Local youth celebrate National 4-H Week with window displays and more

[OCT. 4, 2000]  The first week of October brings National 4-H Week. Special activities during the week include window displays, a poster contest, bookmarks in the library, and visits by 4-H professionals to third grade classrooms in Logan County.


[Cloverdale 4-H Club – first place winner]

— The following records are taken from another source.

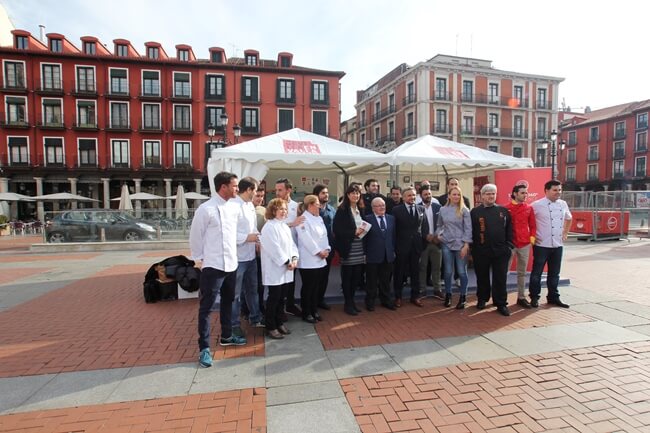 valladolid-gastronomia-sevilla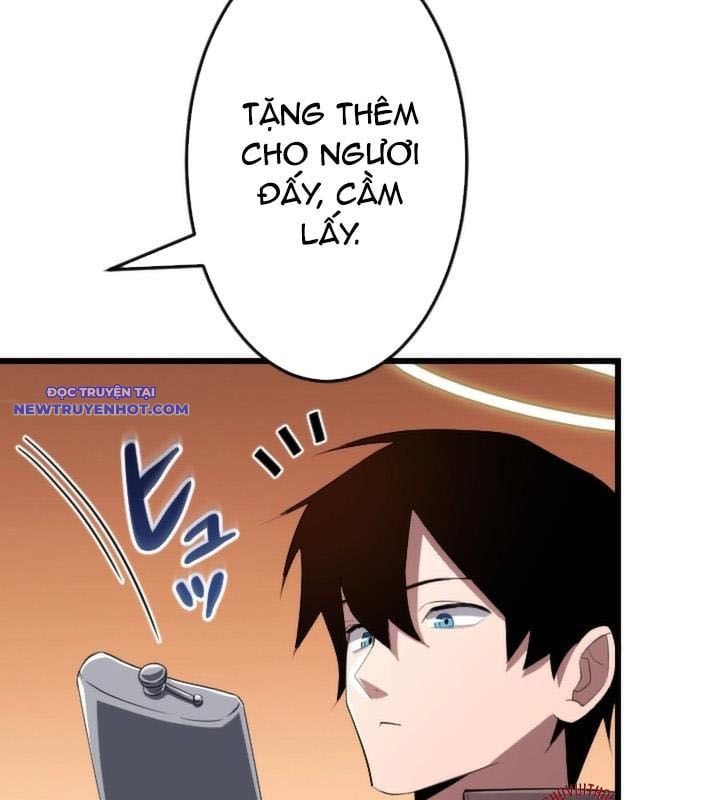Vô Song Cùng Với Vũ Khí Ẩn: Chapter 22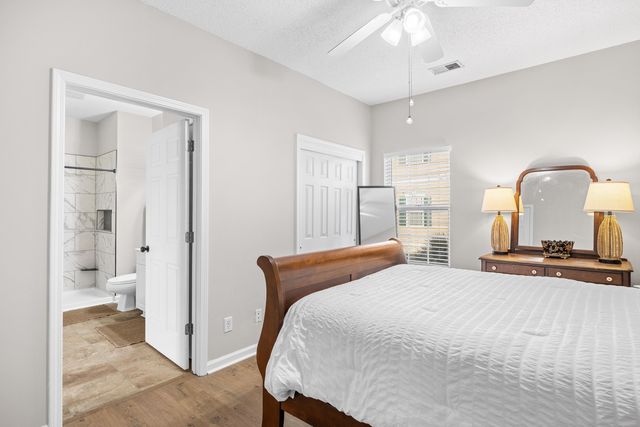 2030 Cross Gate Blvd Unit 205, Surfside Beach, SC 29575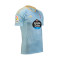 Maglietta adidas RC Celta de Vigo Home 2022-2023
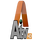 VIP - PK| ATV ENTERTAINMENT HD logo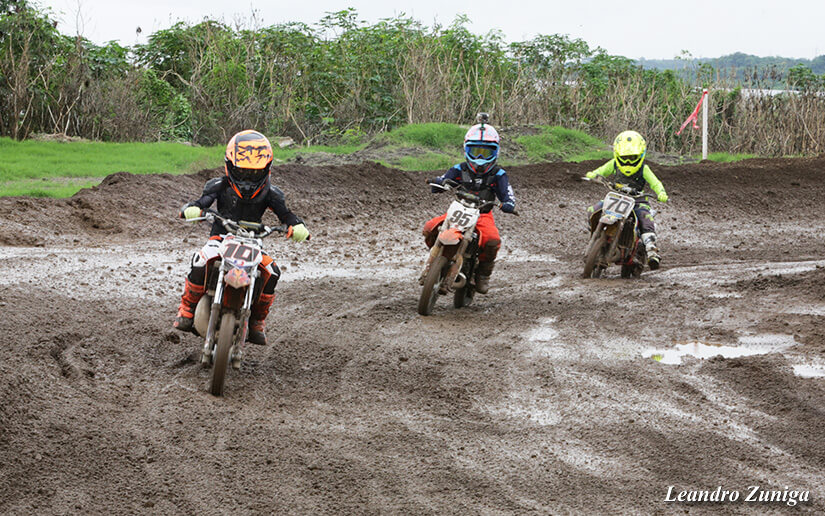 pista48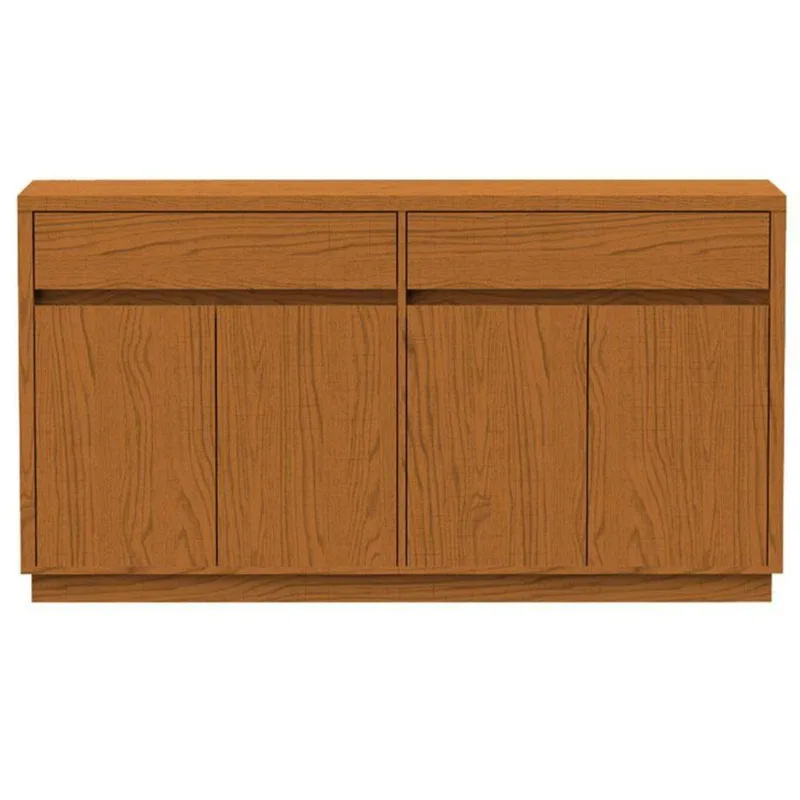 Aparador Buffet Ana Ype - New Ceval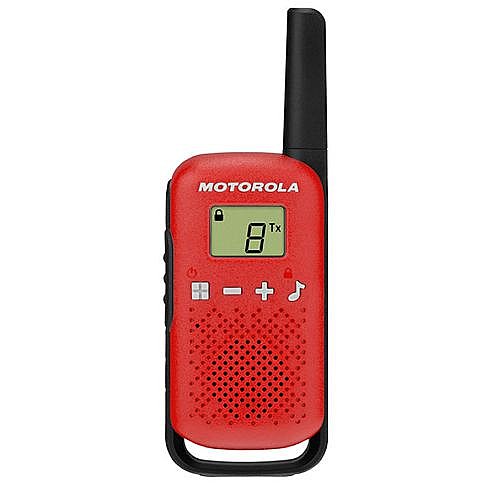 ��� ������ ��� MOTOROLA �������� ��� T42
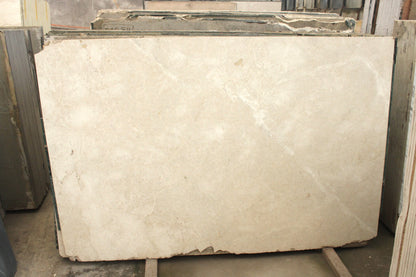 Ottoman Beige ( Lot no- 46)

The clubs that participated in the window displays are Atlanta Town and Country 4-H Club, with a display at Atlanta Museum Annex in Atlanta; Barn Buddies, at Prairie Years in Lincoln; Chester 4-H Club, at Grapes and Grounds in Lincoln; Cloverdale 4-H, at the Red Cross building in Lincoln; Hartem Achievers, at Country Companies in Emden; Middletown 4-H Club, at Middletown Junior High School in Middletown; and Wide A Wake 4-H Club, at 604 Broadway in Lincoln.

 

A team of judges visited each of the window displays in the communities. All clubs did a great job on their displays, and each received an A. However, the top three also win money for their club. Cloverdale 4-H will receive $15 for first place, Middletown 4-H Club will receive $10 for second place, and Atlanta Town and Country will receive $5 for third place.

 


[Middletown 4-H Club – second place]

Several 4-H'ers also made posters to celebrate the week. Posters are displayed at Chester-East Lincoln School and at 604 Broadway in Lincoln. The youth who participated in the poster contest are as follows: Emily Bakken, Lincoln; Jackie Bakken, Lincoln; Nichole Benz, Lincoln; Max Buse, Beason; Amanda Davison, Beason; Daniel Fulton, Lincoln; and Zach Huffer, Lincoln. The winner of the poster contest is Jackie Bakken, and she will receive $15 for first place. Her poster is on display at 604 Broadway in Lincoln. Congratulations to all who entered!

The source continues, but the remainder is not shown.